Em agosto de 2019, uma decisão do ministro Alexandre de Moraes paralisou investigações da Receita Federal ligadas a um procedimento interno que reuniu dados de 133 contribuintes. Entre os nomes alcançados pela apuração estavam integrantes do Supremo, incluindo a esposa de Dias Toffoli e o ministro Gilmar Mendes. No mesmo ato, Moraes determinou o afastamento de servidores da Receita envolvidos no caso, sob o argumento de ilegalidades na condução das apurações.
À época, a medida foi apresentada como resposta a supostas violações de sigilo. O episódio, porém, é usado como referência por críticos do tribunal para sustentar que, quando uma investigação se aproxima da cúpula do Judiciário, a reação tende a ser a interrupção do processo, e não o avanço do esclarecimento público.
Agora, o STF enfrenta uma nova crise em torno do Banco Master. Reportagens apontaram que a esposa de Moraes teria sido beneficiada por um contrato milionário ligado ao banco, em meio a disputas e questionamentos sobre a instituição. O caso ganhou peso com o relato de que o próprio Moraes teria se reunido com o comando do Banco Central durante o imbróglio, algo que o ministro nega, afirmando que tratou de outros temas.
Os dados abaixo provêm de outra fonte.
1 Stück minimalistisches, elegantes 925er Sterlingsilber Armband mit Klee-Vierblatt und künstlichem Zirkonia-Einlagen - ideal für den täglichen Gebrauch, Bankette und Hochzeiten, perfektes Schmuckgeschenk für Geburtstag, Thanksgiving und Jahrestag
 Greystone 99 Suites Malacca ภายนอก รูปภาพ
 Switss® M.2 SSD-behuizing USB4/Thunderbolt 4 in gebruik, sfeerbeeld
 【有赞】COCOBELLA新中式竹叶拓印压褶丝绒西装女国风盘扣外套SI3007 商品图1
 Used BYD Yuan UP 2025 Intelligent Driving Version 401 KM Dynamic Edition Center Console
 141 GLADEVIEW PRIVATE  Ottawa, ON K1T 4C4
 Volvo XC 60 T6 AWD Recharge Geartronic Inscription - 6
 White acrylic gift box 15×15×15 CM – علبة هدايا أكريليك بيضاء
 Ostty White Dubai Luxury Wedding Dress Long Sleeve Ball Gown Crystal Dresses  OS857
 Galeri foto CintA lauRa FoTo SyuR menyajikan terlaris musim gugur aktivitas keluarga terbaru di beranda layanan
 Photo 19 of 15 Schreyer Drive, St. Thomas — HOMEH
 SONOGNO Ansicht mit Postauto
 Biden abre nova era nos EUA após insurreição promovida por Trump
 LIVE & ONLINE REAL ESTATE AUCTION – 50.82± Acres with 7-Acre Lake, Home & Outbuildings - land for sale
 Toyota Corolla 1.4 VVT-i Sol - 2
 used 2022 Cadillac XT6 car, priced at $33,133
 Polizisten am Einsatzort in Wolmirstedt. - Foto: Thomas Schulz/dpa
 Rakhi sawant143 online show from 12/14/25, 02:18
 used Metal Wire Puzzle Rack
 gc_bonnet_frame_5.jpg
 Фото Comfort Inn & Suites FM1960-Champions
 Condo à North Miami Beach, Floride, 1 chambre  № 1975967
Nesse contexto, Dias Toffoli volta ao centro. Relator de peças relacionadas ao caso no Supremo, ele manteve trechos sob sigilo e tomou decisões processuais que, para críticos, reduzem a transparência e reforçam a leitura de blindagem. O desgaste transbordou para o Congresso, com articulações por responsabilização e a promessa de reação mesmo durante o recesso.
O paralelo com 2019 se impõe: Moraes travou uma apuração que atingia a esposa de Toffoli e um colega do STF. Agora, com Moraes sob suspeita no caso Master, Toffoli conduz o processo em sigilo e atua para blindar o ministro no momento em que o escândalo ameaça aprofundar a crise de confiança na Corte.